> _Task to carry out_
Here are the records. Write out exactly the lines between the one holding "Eastern Sierra Workshop Oct 2025 - Image 4" and the one holding "2022-04-14 Shete Boka Nationalpark (Foto)", inclusive.

> _Stored data_
────────
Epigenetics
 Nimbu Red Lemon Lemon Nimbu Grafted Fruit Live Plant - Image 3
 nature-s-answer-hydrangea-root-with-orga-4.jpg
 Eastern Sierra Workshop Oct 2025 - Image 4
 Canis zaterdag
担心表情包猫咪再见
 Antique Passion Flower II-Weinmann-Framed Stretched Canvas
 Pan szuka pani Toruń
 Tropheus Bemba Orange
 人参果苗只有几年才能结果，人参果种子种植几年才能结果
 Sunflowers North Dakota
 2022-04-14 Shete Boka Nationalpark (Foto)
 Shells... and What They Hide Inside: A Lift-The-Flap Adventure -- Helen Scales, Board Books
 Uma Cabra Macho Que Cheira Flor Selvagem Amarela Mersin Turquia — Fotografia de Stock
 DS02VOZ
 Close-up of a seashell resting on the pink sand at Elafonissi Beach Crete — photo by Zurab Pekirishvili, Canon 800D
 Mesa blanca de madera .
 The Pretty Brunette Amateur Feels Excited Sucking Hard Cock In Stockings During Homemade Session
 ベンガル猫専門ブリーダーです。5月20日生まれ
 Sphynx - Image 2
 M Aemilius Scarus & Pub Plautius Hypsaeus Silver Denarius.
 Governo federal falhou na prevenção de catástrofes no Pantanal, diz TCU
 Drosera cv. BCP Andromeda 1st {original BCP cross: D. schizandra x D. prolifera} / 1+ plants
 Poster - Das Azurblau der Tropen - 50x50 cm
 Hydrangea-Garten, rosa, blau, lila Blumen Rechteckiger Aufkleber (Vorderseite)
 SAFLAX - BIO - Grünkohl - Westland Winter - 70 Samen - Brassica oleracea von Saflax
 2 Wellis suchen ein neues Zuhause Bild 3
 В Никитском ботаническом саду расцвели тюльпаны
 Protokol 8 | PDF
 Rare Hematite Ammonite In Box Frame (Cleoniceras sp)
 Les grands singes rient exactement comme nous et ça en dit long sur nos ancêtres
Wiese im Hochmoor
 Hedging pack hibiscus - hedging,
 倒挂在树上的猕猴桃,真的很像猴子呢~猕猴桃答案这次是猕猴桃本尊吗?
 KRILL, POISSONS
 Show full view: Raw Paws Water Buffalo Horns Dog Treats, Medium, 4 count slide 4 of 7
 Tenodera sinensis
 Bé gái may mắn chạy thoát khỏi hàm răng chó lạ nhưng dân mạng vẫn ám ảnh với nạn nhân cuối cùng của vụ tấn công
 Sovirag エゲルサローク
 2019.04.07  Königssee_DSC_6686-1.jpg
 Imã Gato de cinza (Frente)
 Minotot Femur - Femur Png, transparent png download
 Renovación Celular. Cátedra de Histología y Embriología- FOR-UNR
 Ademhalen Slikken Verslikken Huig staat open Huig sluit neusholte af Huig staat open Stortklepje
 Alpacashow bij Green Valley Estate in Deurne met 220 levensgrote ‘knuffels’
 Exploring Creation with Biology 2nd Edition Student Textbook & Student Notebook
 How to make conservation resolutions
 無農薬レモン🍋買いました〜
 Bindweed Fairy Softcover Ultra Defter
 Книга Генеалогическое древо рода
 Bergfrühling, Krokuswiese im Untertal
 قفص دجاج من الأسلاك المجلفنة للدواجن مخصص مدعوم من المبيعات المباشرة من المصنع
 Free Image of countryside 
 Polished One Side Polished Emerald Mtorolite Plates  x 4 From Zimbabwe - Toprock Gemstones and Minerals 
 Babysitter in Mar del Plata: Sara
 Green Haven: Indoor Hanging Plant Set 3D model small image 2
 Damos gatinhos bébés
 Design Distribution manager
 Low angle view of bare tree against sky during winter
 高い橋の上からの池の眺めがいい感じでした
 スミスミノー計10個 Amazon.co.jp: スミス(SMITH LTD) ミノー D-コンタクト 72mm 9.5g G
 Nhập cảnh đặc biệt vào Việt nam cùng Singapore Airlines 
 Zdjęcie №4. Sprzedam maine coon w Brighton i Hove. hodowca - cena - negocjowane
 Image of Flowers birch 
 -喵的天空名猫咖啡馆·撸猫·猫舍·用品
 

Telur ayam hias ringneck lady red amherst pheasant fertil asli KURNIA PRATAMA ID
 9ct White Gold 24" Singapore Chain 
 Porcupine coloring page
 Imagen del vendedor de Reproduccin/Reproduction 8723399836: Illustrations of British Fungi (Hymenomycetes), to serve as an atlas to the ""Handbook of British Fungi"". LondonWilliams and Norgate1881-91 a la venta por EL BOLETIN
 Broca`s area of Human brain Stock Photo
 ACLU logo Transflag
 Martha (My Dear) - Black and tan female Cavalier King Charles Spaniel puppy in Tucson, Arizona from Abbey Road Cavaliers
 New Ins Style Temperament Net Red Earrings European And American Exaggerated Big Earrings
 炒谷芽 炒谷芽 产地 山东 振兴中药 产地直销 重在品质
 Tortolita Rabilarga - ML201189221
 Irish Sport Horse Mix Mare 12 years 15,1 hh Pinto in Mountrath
────────
> _Your solution_
 Eastern Sierra Workshop Oct 2025 - Image 4
 Canis zaterdag
担心表情包猫咪再见
 Antique Passion Flower II-Weinmann-Framed Stretched Canvas
 Pan szuka pani Toruń
 Tropheus Bemba Orange
 人参果苗只有几年才能结果，人参果种子种植几年才能结果
 Sunflowers North Dakota
 2022-04-14 Shete Boka Nationalpark (Foto)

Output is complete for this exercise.